Brackets Autoligáveis Passivos e Ativos: Análise das Evidências Clínicas
Os brackets autoligáveis (self-ligating brackets, SLB) — introduzidos comercialmente em larga escala no início dos anos 2000 com o sistema Damon da Ormco e rapidamente seguidos por dezenas de sistemas concorrentes — geraram um dos debates mais acesos e prolongados na literatura ortodôntica contemporânea. As alegações de marketing que acompanharam o seu lançamento — tratamentos mais rápidos, menos dor, maior expansão dos arcos, menor necessidade de extrações — estimularam tanto o entusiasmo clínico como a reação crítica da comunidade científica, produzindo entre 2010-2020 uma série de revisões sistemáticas e meta-análises que redimensionaram sistematicamente as expectativas iniciais.
A distinção fundamental entre brackets autoligáveis passivos e ativos é clinicamente relevante. Os brackets passivos (ex. Damon Q, SmartClip 3M) utilizam um mecanismo de porta deslizante que cria um slot aberto quando não há arco inserido: quando o arco está inserido, a força de fecho da porta não pressiona ativamente o arco. Teoricamente, isto produz baixa fricção (low-friction) nas fases de alinhamento com arcos de pequeno diâmetro, permitindo a chamada 'técnica de fio leve' com forças intrínsecas ao arco que teoricamente maximizam o movimento fisiológico. Os brackets ativos (ex. In-Ovation R da DENTSPLY, Speed da Strite Industries) utilizam, em contrapartida, um clip de mola que pressiona ativamente o arco, gerando uma pré-carga controlada.
A revisão sistemática de Atack et al. (EJOF, 2020) — que analisou 23 RCTs e estudos quase-randomizados comparando SLB com brackets convencionais ligados com elastómero — chegou a conclusões claras: não há evidência de diferença estatisticamente significativa na duração global do tratamento, no número de consultas, na extensão da expansão transversal, ou na prevalência de extrações entre os dois sistemas.
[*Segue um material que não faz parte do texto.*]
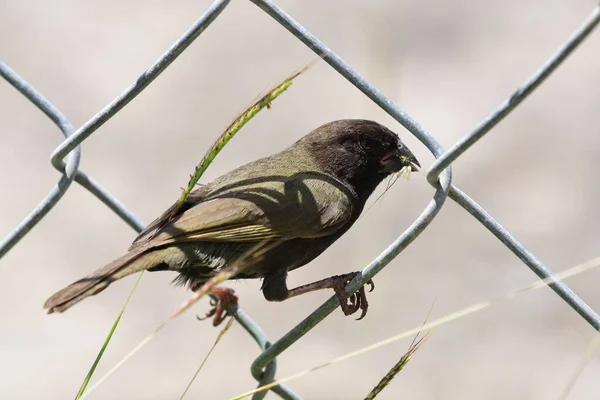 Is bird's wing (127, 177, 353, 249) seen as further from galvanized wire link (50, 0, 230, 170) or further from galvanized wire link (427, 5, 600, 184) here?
galvanized wire link (427, 5, 600, 184)

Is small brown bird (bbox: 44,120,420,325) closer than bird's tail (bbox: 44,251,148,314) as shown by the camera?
No

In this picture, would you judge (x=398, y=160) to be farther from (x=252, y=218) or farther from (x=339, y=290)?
(x=339, y=290)

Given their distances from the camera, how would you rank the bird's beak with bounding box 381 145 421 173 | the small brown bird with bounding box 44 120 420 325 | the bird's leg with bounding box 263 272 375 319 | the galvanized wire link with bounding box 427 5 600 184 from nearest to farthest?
the galvanized wire link with bounding box 427 5 600 184
the bird's leg with bounding box 263 272 375 319
the small brown bird with bounding box 44 120 420 325
the bird's beak with bounding box 381 145 421 173

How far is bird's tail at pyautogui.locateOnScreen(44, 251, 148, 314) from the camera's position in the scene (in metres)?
3.16

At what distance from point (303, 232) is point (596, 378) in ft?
12.4

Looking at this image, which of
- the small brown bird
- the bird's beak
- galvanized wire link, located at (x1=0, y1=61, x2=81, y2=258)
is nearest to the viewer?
galvanized wire link, located at (x1=0, y1=61, x2=81, y2=258)

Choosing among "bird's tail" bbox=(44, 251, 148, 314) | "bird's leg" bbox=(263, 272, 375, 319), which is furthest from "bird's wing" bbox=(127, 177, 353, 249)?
"bird's leg" bbox=(263, 272, 375, 319)

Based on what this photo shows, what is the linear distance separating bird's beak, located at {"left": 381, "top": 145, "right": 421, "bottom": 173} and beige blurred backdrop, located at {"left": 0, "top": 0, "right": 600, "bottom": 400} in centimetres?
31

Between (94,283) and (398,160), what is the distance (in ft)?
5.77

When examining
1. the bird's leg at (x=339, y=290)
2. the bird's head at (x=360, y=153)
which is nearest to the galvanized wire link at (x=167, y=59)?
the bird's leg at (x=339, y=290)

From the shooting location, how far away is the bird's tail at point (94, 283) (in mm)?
3160

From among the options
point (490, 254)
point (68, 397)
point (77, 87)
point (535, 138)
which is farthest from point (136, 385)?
point (535, 138)

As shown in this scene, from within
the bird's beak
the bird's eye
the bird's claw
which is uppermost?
the bird's eye

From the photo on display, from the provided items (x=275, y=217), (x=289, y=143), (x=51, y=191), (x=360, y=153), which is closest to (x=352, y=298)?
(x=275, y=217) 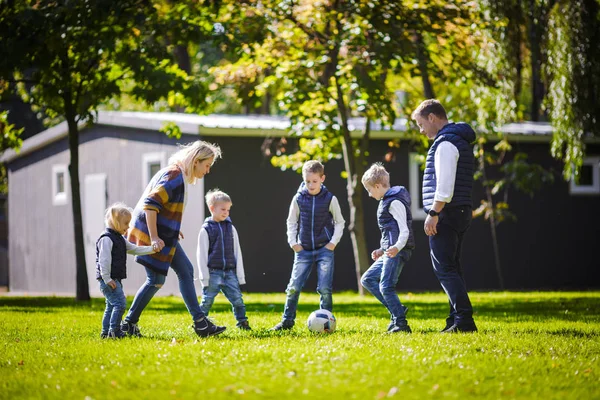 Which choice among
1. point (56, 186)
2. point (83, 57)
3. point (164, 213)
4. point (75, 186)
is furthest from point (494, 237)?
point (164, 213)

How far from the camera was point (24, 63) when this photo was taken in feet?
47.5

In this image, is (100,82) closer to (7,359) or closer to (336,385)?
(7,359)

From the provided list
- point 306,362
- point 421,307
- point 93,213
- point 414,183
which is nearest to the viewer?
point 306,362

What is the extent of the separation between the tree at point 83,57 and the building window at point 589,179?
10.1 m

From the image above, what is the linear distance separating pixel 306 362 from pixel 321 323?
7.30ft

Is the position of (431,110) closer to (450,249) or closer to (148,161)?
(450,249)

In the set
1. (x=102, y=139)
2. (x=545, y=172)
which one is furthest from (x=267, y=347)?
(x=102, y=139)

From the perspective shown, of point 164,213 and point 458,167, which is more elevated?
point 458,167

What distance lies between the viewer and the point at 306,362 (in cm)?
655

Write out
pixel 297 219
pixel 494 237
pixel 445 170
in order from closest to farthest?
pixel 445 170 → pixel 297 219 → pixel 494 237

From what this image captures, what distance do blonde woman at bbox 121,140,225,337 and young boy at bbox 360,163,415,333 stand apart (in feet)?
5.00

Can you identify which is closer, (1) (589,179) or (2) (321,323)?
(2) (321,323)

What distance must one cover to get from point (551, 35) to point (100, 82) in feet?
24.8

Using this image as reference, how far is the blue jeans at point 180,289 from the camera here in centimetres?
852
A diferença de fricção — real em condições laboratoriais com simuladores mecânicos — revela-se clinicamente irrelevante nas condições de utilização intraoral, onde a fricção biológica (resistência dos tecidos moles e osso alveolar) domina em relação à fricção mecânica bracket-arco.
A dor pós-consulta foi um dos argumentos mais utilizados a favor dos SLB. O estudo RCT de Fleming et al. (AJODO, 2009) — frequentemente citado na literatura — não encontrou diferenças significativas na dor dos 5 dias seguintes às consultas de ativação entre pacientes tratados com Damon3MX e brackets convencionais ligados com elastómero metálico. Uma meta-análise posterior (Lim et al., 2023, com 12 RCTs incluídos) confirmou este dado, com uma única exceção: a dor nas primeiras 6 horas após a colocação do arco inicial é estatisticamente inferior com SLB passivos (diferença média de 5 mm na escala VAS de 100 mm) — uma diferença estatística mas de duvidosa relevância clínica.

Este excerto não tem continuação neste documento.